Family dynasty sues government for €200 million

One of Austria’s best known family business dynasties is suing the country’s government in an international arbitration court to try to end a protracted investigation into its banking business and its officials.

The Meinl family, which is linked to a famous food and coffee business in Austria, and owns Meinl Bank, has gone to the Washington-based International Centre for Settlement of Investment Disputes, part of the World Bank, to file its claim. Far East, a Malta-based group controlled by the Meinl family and owner of Meinl Bank, says Austria has breached international law and its treaty obligations by failing to provide fair treatment of its investment and has damaged its investment.

Kenneth Reisenfeld, a partner at law firm BakerHostetler, which brought the cast to ICSID on behalf of the family, said: “Meinl Bank and Julius Meinl V (chairman of the Meinl bank) have been subject to massive violations of due process and international law by the Austrian government.  They are victims of a public smear campaign that has had the effect of running a historically successful bank into the ground.”

Julius Meinl was arrested in 2009 and later released on record bail of €100 million as part of investigations centred on a potentially wrongly inflated dividend payment for the financial year 2008.

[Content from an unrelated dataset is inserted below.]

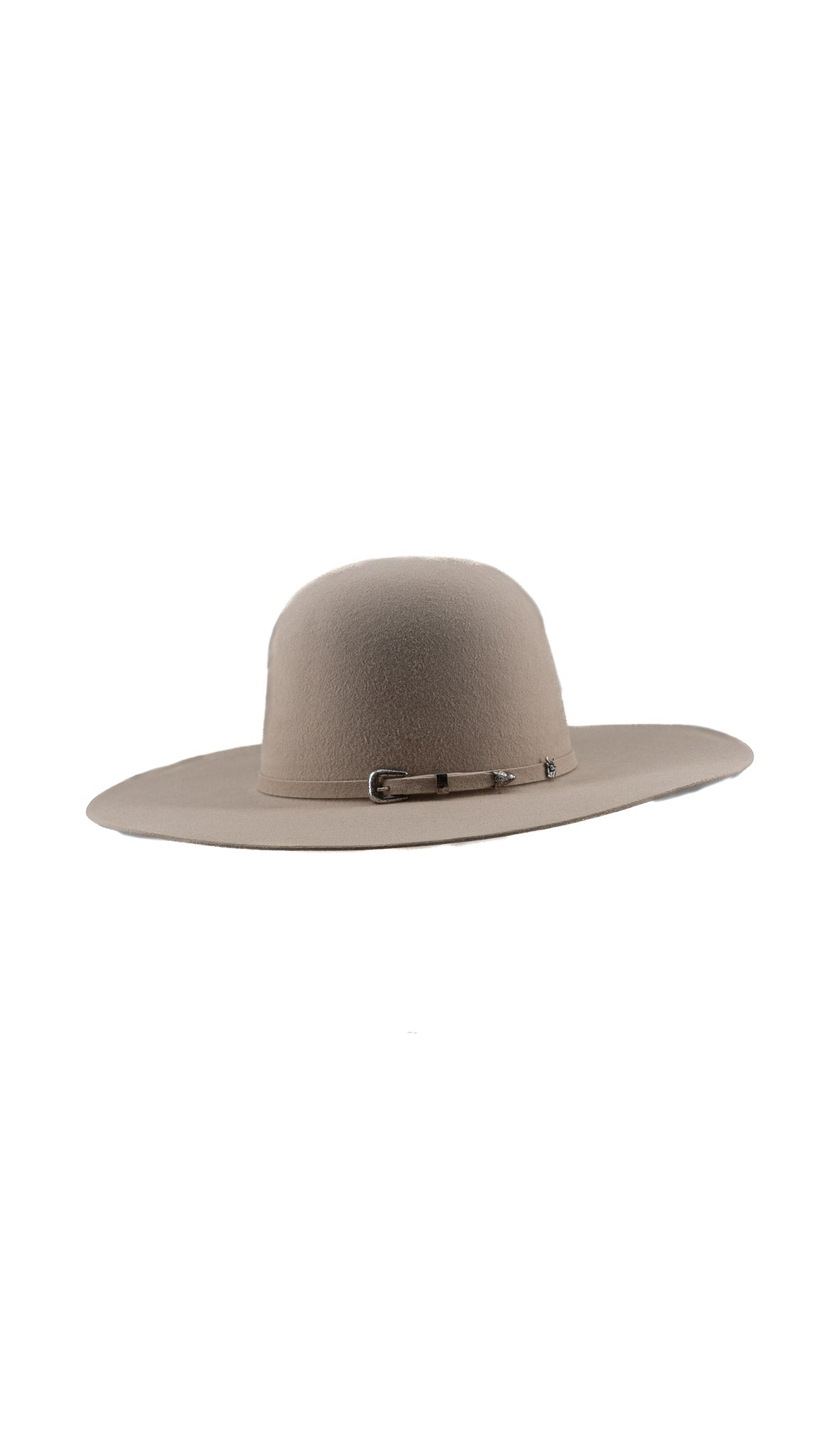 Rock'em 10X Silver belly Beaver Open Crown Felt Cowboy Hat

The family business traces its history back to 1862 when Julius Meinl great-great-grandfather, Julius I, started selling roasted coffee beans in Vienna in 1862. In the years leading up to World War I, the business grew rapidly throughout the Austro-Hungarian empire. Julius II managed to keep the company going under the Nazis, although Julius III and his Jewish wife fled to Britain in 1939, along with their son Julius IV. The fifth Julius and the main person involved in the current lawsuit was born in the UK in 1959.

 

In the late 1990s, the family sold the Austrian stores, but kept one landmark food store in Vienna and the family's property portfolio in central Europe. Educated in Vienna and St Gallen in Switzerland, Julius V went into investment banking in London and New York. He took over the family bank in 1983, and turned the savings bank into an investment bank and fund-management firm.